TBMM Şeref Holü'nde düzenlenen Meclis Özel Kütahya Koleksiyonu 'Sıtkı' isimli sergiye katılan TBMM Başkanı Mustafa Şentop, TBMM'nin siyasî faaliyetlerin yanı sıra sosyal, kültürel ve sanatsal faaliyetler bakımından da milletimizin her yönüyle temsil edildiği yer olduğunu belirtti. Şentop, "Geçen yıl kurtarıcı ve kurucu Meclisimizin açılışının 100'üncü yılını kutladık. Bu yıl İstiklal Marşı'mızın 100. yılını kutluyoruz. Bu vesileyle merhum şairimiz Mehmet Âkif Ersoy'a minnet ve şükranlarımızı dile getirme imkânı buluyoruz. Yaptığımız etkinlikler kapsamında geçen ay, ülkemizde çini sanatının öncüsü merhum Füreya Koral'ın Meclisimiz için ürettiği objelerden oluşan bir sergi açmıştık. Geçen hafta İstiklal Marşımızın 100. Yılı vesilesiyle Mehmet Âkif Ersoy sergilerini açtık. Bugün de Meclisimizin sanatın ve sanatçının dostu olduğunun açık bir ifadesi olarak Meclis Özel Kütahya Koleksiyonu'nu sergileyeceğiz" ifadelerini kullandı.
Şentop şöyle konuştu:
"Geleneksel Türk çini sanatı sahip olduğumuz en değerli kültürel miraslarımızdan birisidir. Son bin yıllık görkemli medeniyetimizin sahip olduğu estetik zevkimizi ve güzelliğe bakışımızı yansıtır. Milli ve manevi değerlerimizi renk renk, desen desen, nakış nakış işlediğimiz geleneksel Türk çini sanatını korumak, geliştirmek ve yaşatmak bizler için önemli bir mesuliyettir. 2008 yılında 'UNESCO Yaşayan İnsan Hazinesi' ödülünü alan, 'Çininin Picasso'su' ve 'Çini Dervişi' olarak anılan Sıtkı Olçar'ın sevgili kızı Nida Olçar Hanımefendinin, babası ve aynı zamanda ustasının izinden giderek Türk çini sanatını, daha yukarıya taşıması memleketimiz adına çok önemli bir kazanımdır. Yurt dışında ve yurt içinde açtığı sergilerle Kütahya ve Türkiye'yi büyük bir başarıyla temsil eden Nida Olçar'ın şahsında, geleneğimizi ve kültürümüzü çağdaş formlarla gelecek nesillere aktaran tüm sanatçılarımızla gurur duyuyoruz. Bugün açılışını yaptığımız sergi ile, hem çini sanatının nadide eserlerinin Meclisimizde sergilenmesini sağlayacak hem de geleneksel çini sanatımızın, ünü ülkemizin sınırlarını aşmış hünerli eli merhum Sıtkı Usta'yı hayırla yâd etme imkânı bulacağız."
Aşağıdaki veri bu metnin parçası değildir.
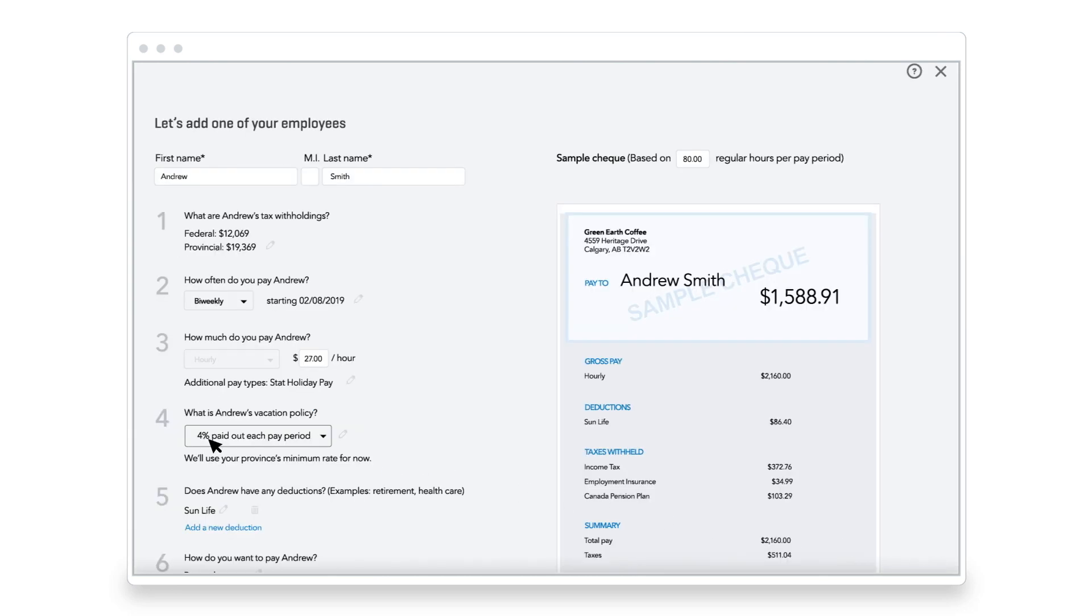Next, Jane enters Andrew's vacation pay policy, which is 4% per pay period.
Şentop, Sıtkı Olçar'ın geleneği takip eden ancak taklit etmemeye gayret eden sanatçılardan olduğuhnu belirten Şentop, "Çini sanatında kendi tarzını geliştirmesi sebebiyle ünü sınırlarımızı aştı.İşin ustaları onu Çininin Picassosu, Çini Dervişi gibi unvanlarla andılar. Sayın Nida Olçar da, merhum babasından kalan mirası geliştirerek yaşatmaya gayret eden sanatçılarımızdan. Eski sanatçıların kavranamayan becerisini, yeteneğini öğrensin diye yanlarına verilen çıraklar, bir süre sonra olgunlaşıp iyi birer sanatkar haline geldiklerinde ustalardan el aldıklarına inanılırmış. Diğer bir deyişle usta, becerisini ve yeteneğini çırağına bir anlamda miras bırakırmış. Beş yaşından itibaren Sıtkı Usta'nın rahle-i tedrisinde yetişen, eski geleneği çağdaş bir bakış açısıyla yorumlayan, eski hammaddelerle sanatını icra eden; kaz kanadı fırça ve toprak boyadan vazgeçemeyen, adeta pergelin sabit ayağı gibi bin asır önceki geleneğe bağlı olarak çalışan çini sanatçımız Sayın Nida Olçar Hanımefendi'nin, babası Sıtkı Usta'dan emanet aldığı bu meşaleyi elden ele devrederek, Türk çini sanatını yaşatacağına yürekten inanıyorum" dedi.